=== Exercise ===
Print the lines below from the line with "701 Broadway St, Fairfield, CA 94533 photo 1" to the line with "Tapete Sala Sisal" exactly, keeping both ends, and print no pictures.

=== Available data ===
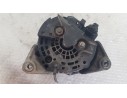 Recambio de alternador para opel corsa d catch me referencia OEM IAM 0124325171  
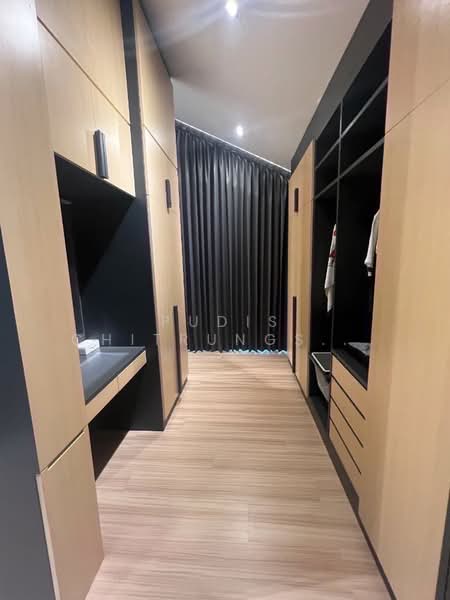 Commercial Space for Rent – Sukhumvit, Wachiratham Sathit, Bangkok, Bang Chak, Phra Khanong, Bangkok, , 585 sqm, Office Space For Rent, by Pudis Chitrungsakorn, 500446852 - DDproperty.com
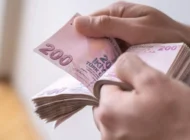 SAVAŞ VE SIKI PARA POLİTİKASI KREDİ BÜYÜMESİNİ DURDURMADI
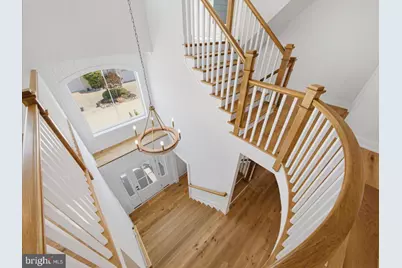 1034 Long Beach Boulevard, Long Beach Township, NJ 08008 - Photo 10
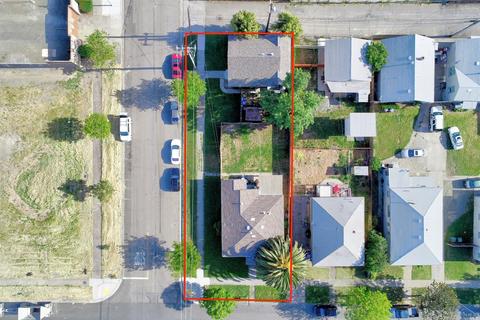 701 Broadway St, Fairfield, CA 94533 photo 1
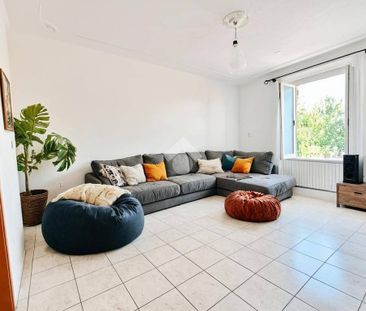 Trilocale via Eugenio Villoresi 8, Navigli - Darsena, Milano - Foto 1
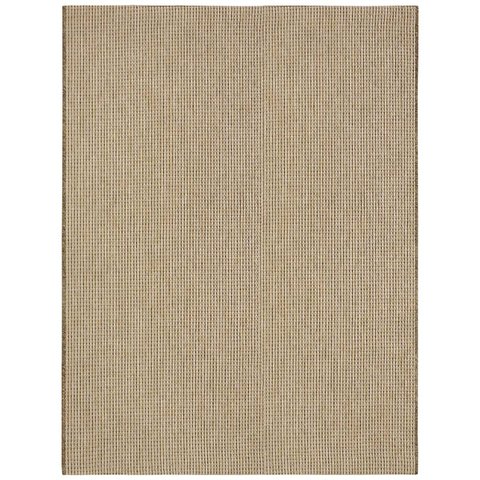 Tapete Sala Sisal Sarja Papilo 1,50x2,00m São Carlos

==

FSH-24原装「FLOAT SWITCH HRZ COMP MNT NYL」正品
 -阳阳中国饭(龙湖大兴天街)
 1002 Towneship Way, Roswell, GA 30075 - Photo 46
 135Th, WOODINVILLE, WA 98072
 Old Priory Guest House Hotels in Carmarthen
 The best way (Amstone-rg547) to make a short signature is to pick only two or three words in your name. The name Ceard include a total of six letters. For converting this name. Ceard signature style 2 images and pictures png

=== Written reply ===
 701 Broadway St, Fairfield, CA 94533 photo 1
 Trilocale via Eugenio Villoresi 8, Navigli - Darsena, Milano - Foto 1
 Tapete Sala Sisal Sarja Papilo 1,50x2,00m São Carlos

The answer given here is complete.